First thing to know is, what is Asperger’s disease? Before you try to treat a sleep disorder, or associate it with having Asperger’s, make sure you know that the child experiencing sleep issues actually has Asperger’s disease.
This disease is a neurological condition belonging to autism spectrum disorders. Most common effects are those relating to motor skills. They will be uncoordinated, and will have difficulty doing things that comes natural to most children.
Such as jumping, running, climbing, and riding a bike. But it is important to recognize the difference between this condition, and what is considered to be autism. Although sometimes confused with autism, there is one key difference, and that is in communication skills.
Those diagnosed with autism usually have problems with both verbal and nonverbal communication. On the other hand, those with asperger’ disease actually achieve a high level of communication, and speak very well.
The problem is, they tend to be very narrowly focused on a singular subject. They will talk obsessively about their interest and little else. They will actually excel in the knowledge of the subject that is consuming them to the point of becoming an expert.
Unfortunately, anything someone else might want to talk about, takes a back seat to his or her interest. This makes it difficult for them to interact with others who would normally want to talk about a wider area of interests.
Some other symptoms to watch for are, limited social skills, problems expressing themselves in a nonverbal manner, routines they can’t break away from that they will continue to repeat, and problems relating to their peers.
There is a better than average chance that if a person has asperger’s disease they probably suffer from a sleep disorder, more commonly insomnia. Children with asperger’s disease usually have a problem with initiating sleep, and the continuity of sleep.
This is do-to the neuropsychiatric deficit that is inherent of asperger’s. Of course this will more than likely carry into adulthood. If the individual is loosing sleep, then other problems will start to arise.
Daytime fatigue, loss of appetite, and possible depression are a few of those problems. All of these things should be taken into consideration when planning a course of action that should include medical help.
There have been sleep studies done with adults that have asperger’s syndrome. In those cases, sleep diaries were used to document all sleep habits. Included were times the participants fell asleep, length of time they slept, how often the woke, naps during the day, along with what their eating, drinking, and smoking habits were.

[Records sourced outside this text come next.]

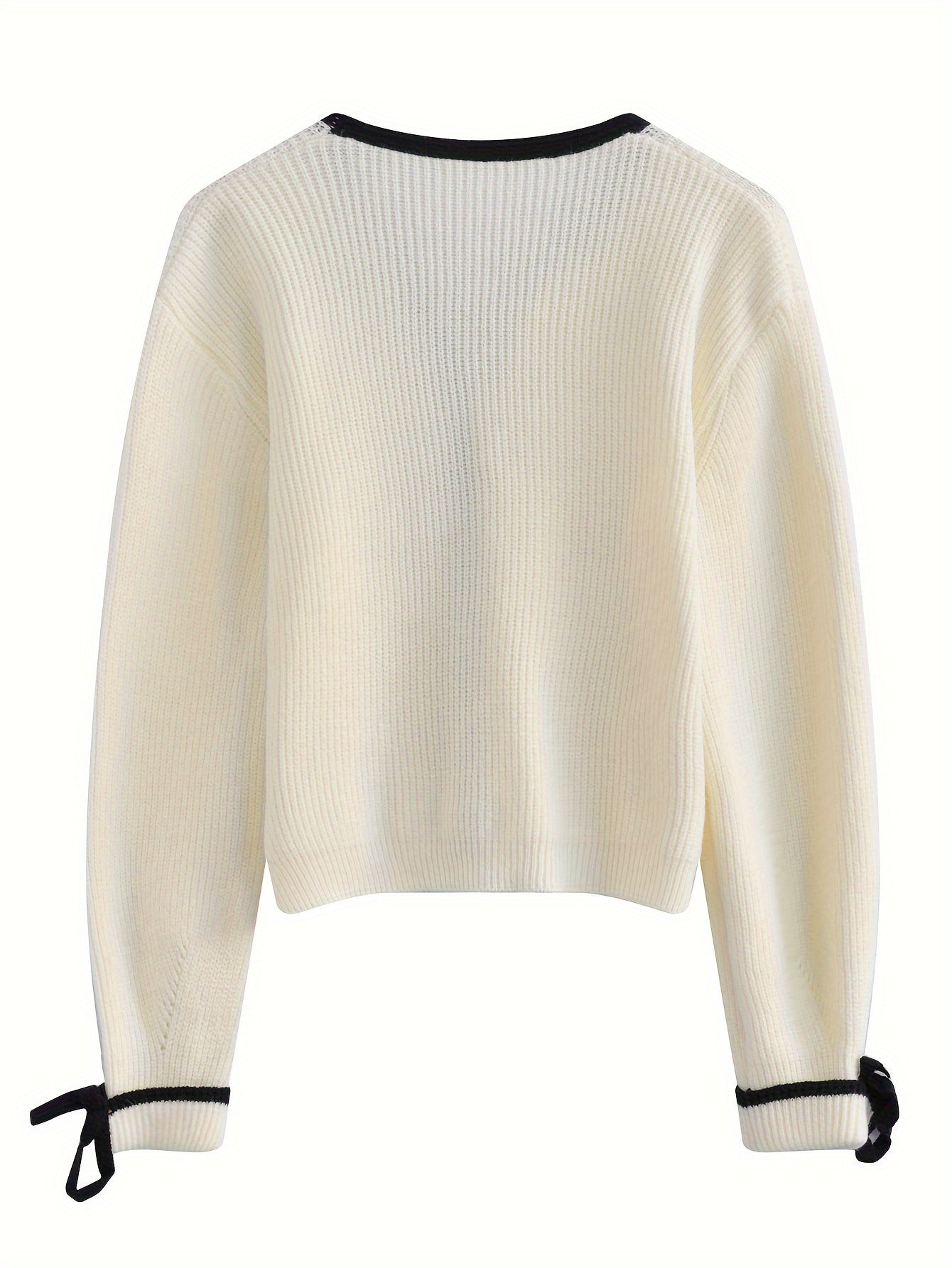 Sixsr Lace Up Button Down Knit Cardigan, Casual V Neck Long Sleeve Fashion Sweater, Women's Clothing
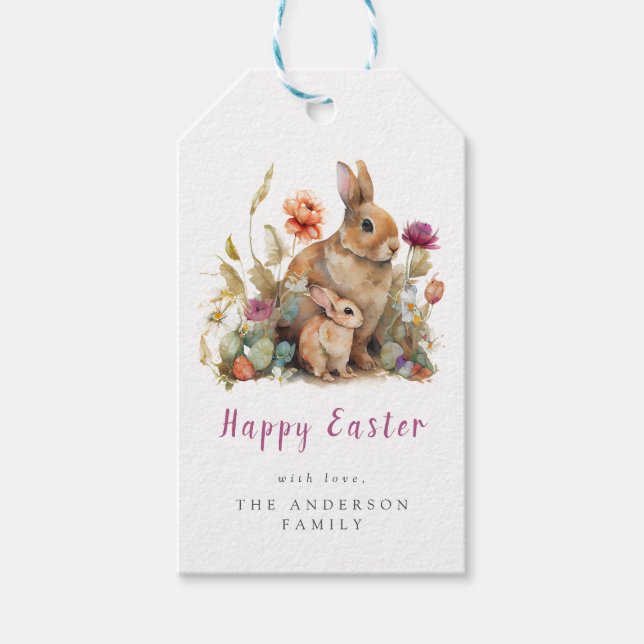 Floral Easter Bunnies Gift Tags (Front)
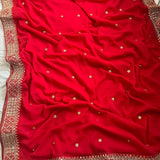 Red Fancy Moti Work Saree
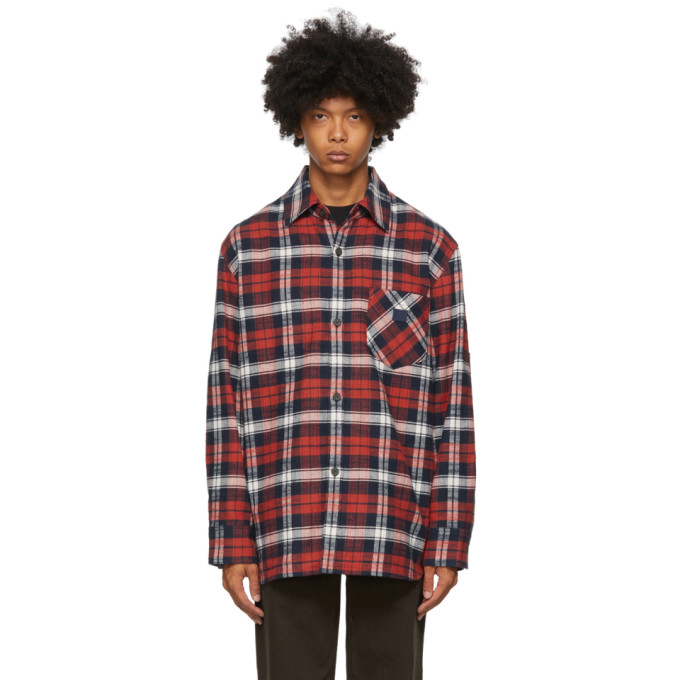 Acne Studios Red and Blue Flannel Patch Shirt | The Fashionisto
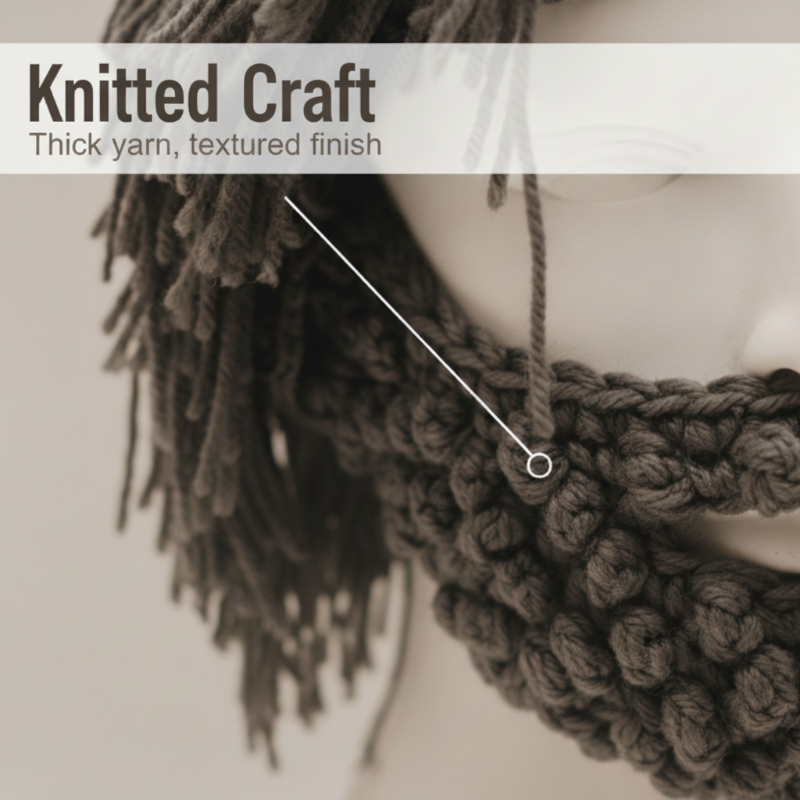 📢📢50 % rabatt!! ⏰ Punkhatt med peruk och stickad skägg – Unik stil, färdig att bära & kostymtillbehör 💥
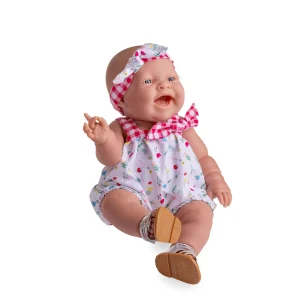 Muñeca Lola tumbada con ropa de estampado vichy floral y sandalias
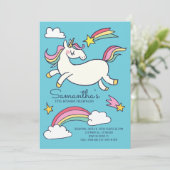 Cute Doodle Rainbow Unicorn Stars Birthday Kaart (Staand voorkant)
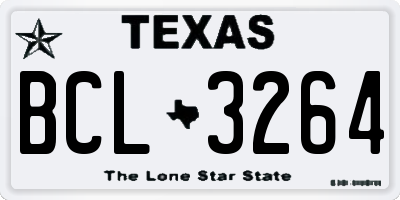 TX license plate BCL3264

In the end regardless of each persons own personal habits 18 out 20 people had insomnia. So there does appear to be a correlation between having asperger’s syndrome, and suffering from a sleep disorder.
Of course always speak with a medical professional before trying to treat anything on your own. In this case you have two disorders to treat. First you need to take care of the asperger’s disease, which could be causing the anxiety that leads to the insomnia.
You don’t want to start taking, or giving medication to someone for an issue that might lead to more problems down the road. Consult your doctor, get the best medical advice you can, and be safe.